Alti costi sociali – La situazione risulta particolarmente grave nel nostro Paese. Ssecondo quanto ripreso anche dalla Fondazione per lo Sviluppo Sostenibile nel report “La sfida della qualità dell’aria nelle città italiane”, qui si registra il maggior numero di morti premature d’Europa dovute all’inquinamento: circa 91 mila, di cui in particolare 66.630 attribuibili all’esposizione al PM2.5, 21.040 al diossido d’azoto e 3.380 alle alte concentrazioni di ozono. Oltre alle emissioni dei trasporti e quelle di origine industriale, il riscaldamento residenziale, soprattutto a biomasse, è tra i principali responsabili della produzione di queste polveri. Solo in Lombardia la combustione della legna rappresenta una delle principali fonti di particolato insieme al traffico, essendo responsabile, secondo i dati di Arpa Lombardia (Inemar2012) del 25% delle emissioni regionali. Nel settore civile inoltre le biomasse rappresentano la quasi totalità delle fonti di emissioni inquinanti, oltre il 99%. Dati che sfuggono alla percezione generale, nel convincimento che l’inquinamento dell’aria dipenda quasi esclusivamente dalle emissioni delle auto.
La recente ricerca condotta da Innovhub-Stazione Sperimentale per l’Industria della Camera di Commercio di Milano, sulle emissioni di apparecchi a gas, GPL, gasolio e pellet, conferma chiaramente che legna e pellet, anche se certificati ed impiegati in impianti di gamma medio-alta, contribuiscono in maniera significativa all’inquinamento atmosferico.
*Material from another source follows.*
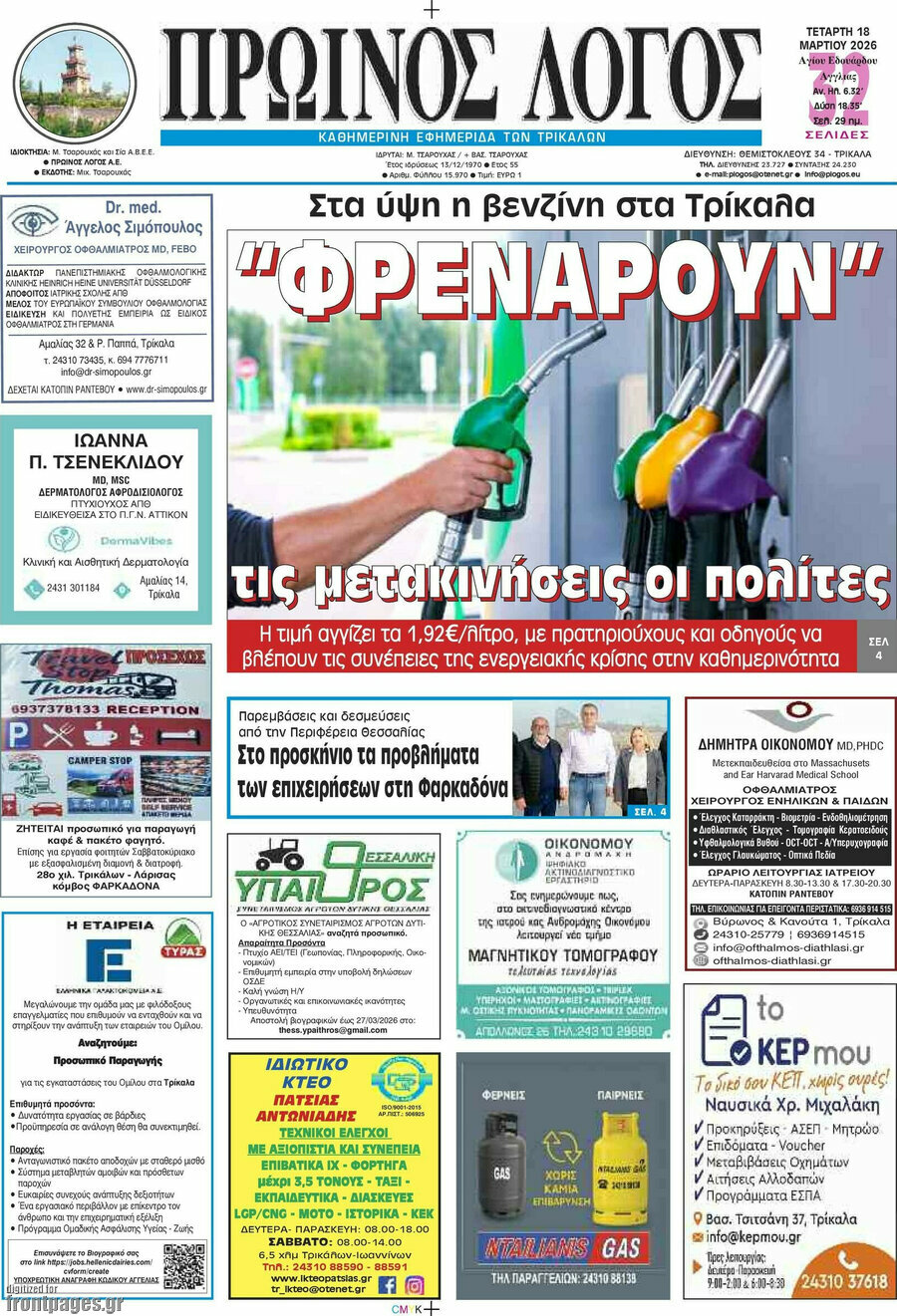 Πρωινός Λόγος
È quindi evidente come sia necessario tenere in considerazione l’esigenza di adottare nelle nostre città soluzioni in grado di abbattere questo rilevante problema, sensibilizzando i cittadini e sviluppando politiche in grado di incentivare l’uso di soluzioni per il riscaldamento a basso impatto ambientale, quali ad esempio il metano e, dove questo non sia disponibile, il GPL che presenta impatti limitati sulla salute delle persone.
Basso impatto ambientale – “Questo combustibile – ricorda Andrea Arzà, Amministratore delegato di Liquigas, leader in Italia nella distribuzione di questo combustibile – presenta infatti livelli quasi pari a zero di emissioni di polveri sottili, genera emissioni limitate di SO2, e NOX e minori emissioni di CO2 oltre a non avere impatto su suolo, sottosuolo e falde acquifere”. Si tratta quindi di una soluzione subito disponibile, che può contribuire in maniera efficace a raccogliere l’allarme lanciato dall’Agenzia europea per l’Ambiente in merito all’impatto della qualità dell’aria sulla salute pubblica.